Monday, November 06, 2000

Poll: Bush clear winner in Ohio

By Howard Wilkinson
The Cincinnati Enquirer

        George W. Bush appears to be on the verge of easily putting Ohio's 21 electoral votes back in the Republican column for the first time since his father did it 12 years ago, according to the final Ohio Poll.

        Mr. Bush will end up with 53 percent of the vote in Ohio, with 43 percent going to Vice President Al Gore, the poll projects.

        The poll was released Sunday night by the University of Cincinnati's Institute for Policy Research.

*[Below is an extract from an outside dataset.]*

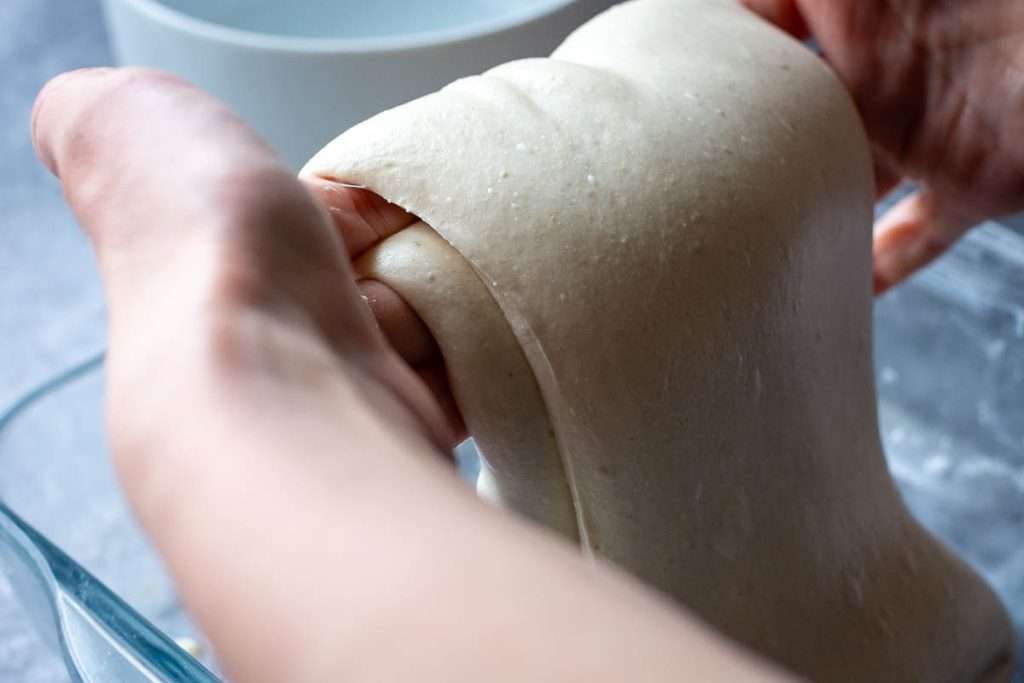 Coil folding focaccia sourdough.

        The poll, conducted among 1,273 probable voters from Wednesday through Sunday, showed Mr. Bush's lead had jumped by 2 points over the last Ohio Poll released Oct. 7. The poll has a margin of error of plus or minus 2.7

        percentage points.

        The poll also showed that U.S. Sen. Mike DeWine, a Republican, should win easily over Democrat Ted Celeste. The poll showed Mr. DeWine with 63 percent and Mr. Celeste, 34 percent.

        The Gore campaign surged to within striking distance of Mr. Bush in the weeks after the Democratic National Convention.

        “They had an opportunity to close the gap right after the debates in October, but (the Gore campaign) started pulling advertising dollars out of the state, and they lost it,” said Eric Rademacher, director of the Ohio Poll.

        Once the Gore campaign stopped scheduling campaign stops in Ohio and started cutting back TV ads, “there really was no way they could catch Bush,” Mr. Rademacher said.

        The Gore campaign has been concerned that Green Party candidate Ralph Nader may draw votes away from Mr. Gore and could cost him the election. But Mr. Nader, with 3 percent, is not much of a factor in Ohio.

        Winning Ohio was a critical part of the Bush-Cheney campaign strategy, since no Republican presidential candidate has ever won the White House without capturing Ohio's electoral votes.

        Ohio has swung back and forth in presidential elections over the past quarter century, going to Democrat Jimmy Carter in 1976, swinging to Republicans Ronald Reagan and George Bush in the 1980s, and back to the Democrats in 1992 and 1996.

        Mr. Bush has led Mr. Gore in UC's Ohio Poll consistently since April, but the Republican's lead began growing a month ago.

        The results of UC's final Ohio Poll on the presidential race are in line with other statewide polls released over the weekend.

        The Columbus Dispatch's mail poll of 2,050 randomly selected voters, conducted Oct. 27 through Nov. 1, gave Mr. Bush a 10-percentage point lead over the Democrat, twice the margin of the previous Dispatch poll five weeks ago. The poll has a margin of error of plus or minus 2 percentage points.

        Mr. Bush held a 6-point lead over Mr. Gore in the Cleveland Plain Dealer's poll of 625 likely voters, conducted last Wednesday and Thursday. The poll's margin of error is plus or minus 4 percentage points.